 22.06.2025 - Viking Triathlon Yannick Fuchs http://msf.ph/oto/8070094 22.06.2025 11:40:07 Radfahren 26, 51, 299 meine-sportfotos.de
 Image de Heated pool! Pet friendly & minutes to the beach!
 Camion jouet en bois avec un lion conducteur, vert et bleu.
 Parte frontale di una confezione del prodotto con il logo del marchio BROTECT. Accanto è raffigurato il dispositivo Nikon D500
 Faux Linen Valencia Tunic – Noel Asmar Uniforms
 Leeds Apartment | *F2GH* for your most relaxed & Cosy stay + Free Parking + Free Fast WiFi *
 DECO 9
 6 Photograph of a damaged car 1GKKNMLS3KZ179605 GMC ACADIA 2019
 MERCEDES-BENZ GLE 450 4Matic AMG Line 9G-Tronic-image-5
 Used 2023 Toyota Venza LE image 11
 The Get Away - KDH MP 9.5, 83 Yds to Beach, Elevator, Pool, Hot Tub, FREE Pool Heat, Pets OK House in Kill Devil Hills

> [What is expected]:
For the listing above, print only the lines starting at the line containing "Camion jouet en" and ending at the line containing "MERCEDES-BENZ GLE 450", exactly, both included.

> [Written answer]:
 Camion jouet en bois avec un lion conducteur, vert et bleu.
 Parte frontale di una confezione del prodotto con il logo del marchio BROTECT. Accanto è raffigurato il dispositivo Nikon D500
 Faux Linen Valencia Tunic – Noel Asmar Uniforms
 Leeds Apartment | *F2GH* for your most relaxed & Cosy stay + Free Parking + Free Fast WiFi *
 DECO 9
 6 Photograph of a damaged car 1GKKNMLS3KZ179605 GMC ACADIA 2019
 MERCEDES-BENZ GLE 450 4Matic AMG Line 9G-Tronic-image-5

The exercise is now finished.